BRIEF DESCRIPTION OF THE DRAWINGS
[0006] The features and advantages of alloys, articles, and methods
described herein may be better understood by reference to the
accompanying drawings in which:
[0007] FIG. 1 is a graph plotting creep strain over time for
certain non-limiting embodiments of titanium alloys according to
the present disclosure in comparison to certain conventional
titanium alloys.
[0008] FIG. 2 includes a micrograph of a non-limiting embodiment of
a titanium alloy according to the present disclosure, and a graph
showing results of an energy dispersive X-ray (XRD) scan of the
alloy prior to sustained load exposure;
[0009] FIG. 3 includes a micrograph of the titanium alloy of FIG.

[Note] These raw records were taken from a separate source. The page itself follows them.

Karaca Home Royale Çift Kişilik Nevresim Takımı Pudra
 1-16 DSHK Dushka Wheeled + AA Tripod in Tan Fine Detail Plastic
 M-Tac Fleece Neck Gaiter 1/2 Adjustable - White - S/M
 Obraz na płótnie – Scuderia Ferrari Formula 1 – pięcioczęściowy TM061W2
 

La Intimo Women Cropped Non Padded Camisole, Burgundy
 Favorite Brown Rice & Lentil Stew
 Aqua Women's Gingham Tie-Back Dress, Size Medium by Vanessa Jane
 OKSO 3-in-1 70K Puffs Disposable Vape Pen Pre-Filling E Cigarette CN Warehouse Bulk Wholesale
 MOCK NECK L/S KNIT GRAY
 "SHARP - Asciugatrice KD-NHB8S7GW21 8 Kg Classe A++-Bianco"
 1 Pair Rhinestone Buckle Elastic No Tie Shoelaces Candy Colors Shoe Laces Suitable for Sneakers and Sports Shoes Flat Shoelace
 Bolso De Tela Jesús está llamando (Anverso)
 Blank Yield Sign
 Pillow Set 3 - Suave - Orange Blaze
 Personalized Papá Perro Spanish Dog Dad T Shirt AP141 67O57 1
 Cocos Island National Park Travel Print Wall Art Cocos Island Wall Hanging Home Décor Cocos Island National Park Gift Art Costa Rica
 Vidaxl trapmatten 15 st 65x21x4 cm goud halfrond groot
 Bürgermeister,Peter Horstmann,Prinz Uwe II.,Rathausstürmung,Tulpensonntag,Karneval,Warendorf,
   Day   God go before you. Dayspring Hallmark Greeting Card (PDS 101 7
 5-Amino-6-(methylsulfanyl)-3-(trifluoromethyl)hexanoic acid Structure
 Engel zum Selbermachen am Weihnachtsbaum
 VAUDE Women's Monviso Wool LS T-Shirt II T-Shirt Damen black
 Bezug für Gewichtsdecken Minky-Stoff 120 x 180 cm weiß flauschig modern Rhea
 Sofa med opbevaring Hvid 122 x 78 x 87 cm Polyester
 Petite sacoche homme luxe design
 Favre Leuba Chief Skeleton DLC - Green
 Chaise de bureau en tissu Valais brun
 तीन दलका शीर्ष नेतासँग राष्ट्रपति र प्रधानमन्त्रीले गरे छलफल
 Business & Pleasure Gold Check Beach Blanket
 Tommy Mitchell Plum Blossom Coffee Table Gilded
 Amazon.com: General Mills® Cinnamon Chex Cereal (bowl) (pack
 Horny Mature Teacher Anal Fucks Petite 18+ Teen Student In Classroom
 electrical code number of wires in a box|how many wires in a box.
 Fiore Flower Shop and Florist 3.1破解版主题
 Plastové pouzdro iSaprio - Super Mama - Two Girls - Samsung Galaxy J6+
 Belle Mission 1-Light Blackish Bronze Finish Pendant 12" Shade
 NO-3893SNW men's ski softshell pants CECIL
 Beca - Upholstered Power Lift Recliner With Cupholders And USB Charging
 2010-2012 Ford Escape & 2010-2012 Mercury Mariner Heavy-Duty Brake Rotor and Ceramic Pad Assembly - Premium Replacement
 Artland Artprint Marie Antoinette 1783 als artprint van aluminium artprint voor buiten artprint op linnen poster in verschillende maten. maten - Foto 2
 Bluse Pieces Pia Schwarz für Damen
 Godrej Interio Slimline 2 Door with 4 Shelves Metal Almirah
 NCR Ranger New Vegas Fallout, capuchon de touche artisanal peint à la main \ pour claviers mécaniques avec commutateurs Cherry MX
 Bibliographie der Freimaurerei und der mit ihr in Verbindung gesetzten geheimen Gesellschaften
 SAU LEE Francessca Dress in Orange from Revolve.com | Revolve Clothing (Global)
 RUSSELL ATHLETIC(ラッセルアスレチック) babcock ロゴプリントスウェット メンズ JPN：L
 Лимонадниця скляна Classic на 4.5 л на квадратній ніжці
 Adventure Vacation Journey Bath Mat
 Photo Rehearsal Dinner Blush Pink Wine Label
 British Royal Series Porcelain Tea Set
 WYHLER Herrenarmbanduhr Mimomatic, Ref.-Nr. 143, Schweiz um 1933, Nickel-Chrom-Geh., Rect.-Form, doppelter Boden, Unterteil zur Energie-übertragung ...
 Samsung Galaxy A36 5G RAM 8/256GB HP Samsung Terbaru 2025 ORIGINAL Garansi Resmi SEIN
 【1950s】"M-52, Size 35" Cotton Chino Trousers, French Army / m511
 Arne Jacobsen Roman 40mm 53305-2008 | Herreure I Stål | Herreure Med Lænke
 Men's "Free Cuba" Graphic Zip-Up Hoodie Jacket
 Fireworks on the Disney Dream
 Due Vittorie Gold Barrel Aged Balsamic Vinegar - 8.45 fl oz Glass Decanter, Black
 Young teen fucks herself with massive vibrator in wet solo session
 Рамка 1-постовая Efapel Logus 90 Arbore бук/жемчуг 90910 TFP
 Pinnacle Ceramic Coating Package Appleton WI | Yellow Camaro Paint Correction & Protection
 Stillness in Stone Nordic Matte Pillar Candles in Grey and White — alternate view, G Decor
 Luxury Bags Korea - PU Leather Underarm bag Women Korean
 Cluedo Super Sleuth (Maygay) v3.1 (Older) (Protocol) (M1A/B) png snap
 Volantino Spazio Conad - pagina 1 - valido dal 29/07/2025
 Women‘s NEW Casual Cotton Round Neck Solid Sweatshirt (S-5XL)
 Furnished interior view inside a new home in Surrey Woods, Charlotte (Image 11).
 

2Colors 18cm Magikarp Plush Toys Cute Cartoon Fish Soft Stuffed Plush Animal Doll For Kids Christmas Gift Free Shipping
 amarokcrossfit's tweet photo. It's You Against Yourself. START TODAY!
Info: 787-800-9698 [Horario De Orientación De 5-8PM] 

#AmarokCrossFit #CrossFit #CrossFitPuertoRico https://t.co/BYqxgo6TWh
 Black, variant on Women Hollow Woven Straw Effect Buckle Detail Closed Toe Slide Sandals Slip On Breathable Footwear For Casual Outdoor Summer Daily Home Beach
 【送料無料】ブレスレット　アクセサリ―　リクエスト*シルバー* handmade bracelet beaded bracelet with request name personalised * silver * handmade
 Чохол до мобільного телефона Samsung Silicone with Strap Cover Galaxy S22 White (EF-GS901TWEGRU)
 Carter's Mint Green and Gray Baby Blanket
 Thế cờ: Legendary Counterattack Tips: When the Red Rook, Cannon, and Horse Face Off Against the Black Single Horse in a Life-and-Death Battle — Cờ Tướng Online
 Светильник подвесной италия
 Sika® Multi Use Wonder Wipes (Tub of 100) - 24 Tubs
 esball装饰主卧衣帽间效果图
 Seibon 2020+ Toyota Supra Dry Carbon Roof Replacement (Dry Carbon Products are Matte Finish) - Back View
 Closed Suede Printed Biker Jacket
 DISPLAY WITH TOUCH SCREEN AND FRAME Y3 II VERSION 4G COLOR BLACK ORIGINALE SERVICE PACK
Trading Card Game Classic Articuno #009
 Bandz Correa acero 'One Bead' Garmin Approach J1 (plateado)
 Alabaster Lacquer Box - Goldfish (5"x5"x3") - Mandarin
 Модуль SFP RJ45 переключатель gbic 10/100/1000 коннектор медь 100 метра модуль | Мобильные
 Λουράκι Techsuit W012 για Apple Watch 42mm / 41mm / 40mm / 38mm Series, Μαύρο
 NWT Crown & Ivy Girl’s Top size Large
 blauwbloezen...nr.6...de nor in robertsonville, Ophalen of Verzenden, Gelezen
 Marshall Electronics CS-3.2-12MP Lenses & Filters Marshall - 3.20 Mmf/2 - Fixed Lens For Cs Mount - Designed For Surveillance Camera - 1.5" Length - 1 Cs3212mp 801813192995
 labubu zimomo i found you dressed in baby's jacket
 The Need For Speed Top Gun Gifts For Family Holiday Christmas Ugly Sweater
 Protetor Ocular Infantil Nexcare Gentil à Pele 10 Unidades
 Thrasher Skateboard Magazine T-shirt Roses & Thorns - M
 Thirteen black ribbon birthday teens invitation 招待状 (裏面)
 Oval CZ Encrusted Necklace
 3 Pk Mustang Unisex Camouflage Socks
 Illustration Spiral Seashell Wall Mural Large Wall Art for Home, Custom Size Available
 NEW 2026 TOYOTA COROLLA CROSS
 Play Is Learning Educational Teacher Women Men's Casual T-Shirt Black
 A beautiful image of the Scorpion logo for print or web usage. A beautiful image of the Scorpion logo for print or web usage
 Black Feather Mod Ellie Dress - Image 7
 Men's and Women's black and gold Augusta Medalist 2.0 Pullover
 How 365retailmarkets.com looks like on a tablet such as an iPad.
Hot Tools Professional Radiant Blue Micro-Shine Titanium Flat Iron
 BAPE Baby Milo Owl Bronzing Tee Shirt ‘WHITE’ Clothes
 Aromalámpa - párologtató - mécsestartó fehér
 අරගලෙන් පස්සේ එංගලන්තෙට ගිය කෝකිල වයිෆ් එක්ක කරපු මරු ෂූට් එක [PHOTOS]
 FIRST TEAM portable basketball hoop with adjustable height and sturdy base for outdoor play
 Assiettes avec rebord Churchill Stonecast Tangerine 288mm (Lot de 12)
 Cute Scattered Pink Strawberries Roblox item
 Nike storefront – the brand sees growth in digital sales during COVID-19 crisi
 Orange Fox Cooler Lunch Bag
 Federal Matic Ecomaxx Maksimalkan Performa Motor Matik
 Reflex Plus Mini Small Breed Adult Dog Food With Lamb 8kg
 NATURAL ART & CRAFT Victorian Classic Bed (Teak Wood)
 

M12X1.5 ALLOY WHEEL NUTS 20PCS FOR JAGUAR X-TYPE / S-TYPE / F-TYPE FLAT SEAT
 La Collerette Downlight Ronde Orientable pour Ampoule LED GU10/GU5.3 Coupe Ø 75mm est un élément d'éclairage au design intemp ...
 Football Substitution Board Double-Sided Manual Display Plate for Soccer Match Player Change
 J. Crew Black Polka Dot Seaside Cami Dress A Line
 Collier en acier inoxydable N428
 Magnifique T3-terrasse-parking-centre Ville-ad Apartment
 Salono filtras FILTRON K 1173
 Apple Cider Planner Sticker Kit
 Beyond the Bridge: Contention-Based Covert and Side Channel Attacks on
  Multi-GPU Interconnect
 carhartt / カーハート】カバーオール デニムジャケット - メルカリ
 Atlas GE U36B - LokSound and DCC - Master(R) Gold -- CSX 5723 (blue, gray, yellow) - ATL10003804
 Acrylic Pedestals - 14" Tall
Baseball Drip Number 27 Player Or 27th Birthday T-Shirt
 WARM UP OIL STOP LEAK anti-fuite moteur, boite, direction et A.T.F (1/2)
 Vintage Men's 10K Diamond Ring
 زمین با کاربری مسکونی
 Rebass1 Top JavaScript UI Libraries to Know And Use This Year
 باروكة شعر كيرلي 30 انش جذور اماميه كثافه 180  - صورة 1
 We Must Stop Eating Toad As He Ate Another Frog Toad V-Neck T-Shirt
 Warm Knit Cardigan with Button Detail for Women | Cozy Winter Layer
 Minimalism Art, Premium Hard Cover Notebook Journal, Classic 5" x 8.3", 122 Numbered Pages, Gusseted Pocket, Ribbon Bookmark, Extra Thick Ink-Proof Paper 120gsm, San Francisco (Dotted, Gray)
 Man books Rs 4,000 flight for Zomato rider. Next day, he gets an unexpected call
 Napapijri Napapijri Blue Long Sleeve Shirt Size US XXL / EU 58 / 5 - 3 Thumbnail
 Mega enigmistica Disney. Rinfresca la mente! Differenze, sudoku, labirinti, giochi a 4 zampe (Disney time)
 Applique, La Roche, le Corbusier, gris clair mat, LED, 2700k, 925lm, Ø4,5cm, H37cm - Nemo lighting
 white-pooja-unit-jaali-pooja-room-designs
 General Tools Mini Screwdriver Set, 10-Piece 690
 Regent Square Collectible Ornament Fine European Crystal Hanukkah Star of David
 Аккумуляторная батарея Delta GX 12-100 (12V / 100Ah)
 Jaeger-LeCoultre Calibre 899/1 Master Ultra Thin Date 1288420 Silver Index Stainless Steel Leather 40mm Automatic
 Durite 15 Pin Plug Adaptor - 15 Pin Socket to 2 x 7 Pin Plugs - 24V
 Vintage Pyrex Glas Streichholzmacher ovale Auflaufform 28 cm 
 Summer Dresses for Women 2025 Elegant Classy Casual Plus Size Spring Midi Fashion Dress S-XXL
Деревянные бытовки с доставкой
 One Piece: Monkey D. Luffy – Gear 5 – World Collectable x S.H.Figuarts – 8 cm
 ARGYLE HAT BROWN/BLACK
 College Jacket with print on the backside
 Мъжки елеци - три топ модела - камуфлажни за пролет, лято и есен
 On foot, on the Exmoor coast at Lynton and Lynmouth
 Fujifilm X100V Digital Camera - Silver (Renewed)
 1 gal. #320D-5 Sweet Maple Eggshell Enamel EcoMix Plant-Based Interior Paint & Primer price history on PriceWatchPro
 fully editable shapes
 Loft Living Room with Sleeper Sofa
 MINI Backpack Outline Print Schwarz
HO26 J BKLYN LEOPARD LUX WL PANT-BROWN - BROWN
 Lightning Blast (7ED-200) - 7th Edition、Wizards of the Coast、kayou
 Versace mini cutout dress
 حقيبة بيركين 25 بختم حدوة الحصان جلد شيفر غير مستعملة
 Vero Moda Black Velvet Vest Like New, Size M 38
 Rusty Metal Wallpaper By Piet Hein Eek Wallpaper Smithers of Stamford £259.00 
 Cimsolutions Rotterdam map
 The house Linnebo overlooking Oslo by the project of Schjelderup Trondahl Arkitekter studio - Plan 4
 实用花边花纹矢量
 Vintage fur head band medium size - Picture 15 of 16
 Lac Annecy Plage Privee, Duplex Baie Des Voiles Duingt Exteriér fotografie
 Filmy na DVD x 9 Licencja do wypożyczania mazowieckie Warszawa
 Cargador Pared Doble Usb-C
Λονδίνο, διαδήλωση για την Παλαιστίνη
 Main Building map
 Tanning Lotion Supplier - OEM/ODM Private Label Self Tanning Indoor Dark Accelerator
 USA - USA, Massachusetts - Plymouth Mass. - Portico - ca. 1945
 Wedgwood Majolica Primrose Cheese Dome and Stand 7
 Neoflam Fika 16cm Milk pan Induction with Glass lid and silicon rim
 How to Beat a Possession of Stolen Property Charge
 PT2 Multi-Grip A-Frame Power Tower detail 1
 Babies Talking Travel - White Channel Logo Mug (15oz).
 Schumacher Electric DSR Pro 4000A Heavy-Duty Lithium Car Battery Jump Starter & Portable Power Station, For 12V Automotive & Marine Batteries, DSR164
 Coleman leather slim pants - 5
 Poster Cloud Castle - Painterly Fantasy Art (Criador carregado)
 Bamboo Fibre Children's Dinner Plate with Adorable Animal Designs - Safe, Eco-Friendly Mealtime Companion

2, and a graph showing results of an XRD scan of the alloy and the
partitioning of Zr/Si/Ge to an intermetallic precipitate after the
alloy was heated at 900.degree. F. for 125 hours under a sustained
load of 52 ksi; and
[0010] FIG. 4 shows elemental maps for the titanium alloy of FIG.
3.
[0011] The reader will appreciate the foregoing details, as well as
others, upon considering the following detailed description of
certain non-limiting embodiments according to the present
disclosure.
DETAILED DESCRIPTION OF CERTAIN NON-LIMITING EMBODIMENTS
[0012] In the present description of non-limiting embodiments,
other than in the operating examples or where otherwise indicated,
all numbers expressing quantities or characteristics are to be
understood as being modified in all instances by the term "about".
Accordingly, unless indicated to the contrary, any numerical
parameters set forth in the following description are
approximations that may vary depending on the desired properties
one seeks to obtain in the materials and by the methods according
to the present disclosure. At the very least, and not as an attempt
to limit the application of the doctrine of equivalents to the
scope of the claims, each numerical parameter should at least be
construed in light of the number of reported significant digits and
by applying ordinary rounding techniques. All ranges described
herein are inclusive of the described endpoints unless stated
otherwise.
[0013] Any patent, publication, or other disclosure material that
is said to be incorporated, in whole or in part, by reference
herein is incorporated herein only to the extent that the
incorporated material does not conflict with existing definitions,
statements, or other disclosure material set forth in the present
disclosure. As such, and to the extent necessary, the disclosure as
set forth herein supersedes any conflicting material incorporated
herein by reference. Any material, or portion thereof, that is said
to be incorporated by reference herein, but which conflicts with
existing definitions, statements, or other disclosure material set
forth herein is only incorporated to the extent that no conflict
arises between that incorporated material and the existing
disclosure material.
[0014] Reference herein to a titanium alloy "comprising" a
particular composition is intended to encompass alloys "consisting
essentially of" or "consisting of" the stated composition. It will
be understood that titanium alloy compositions described herein
"comprising", "consisting of", or "consisting essentially of" a
particular composition also may include impurities.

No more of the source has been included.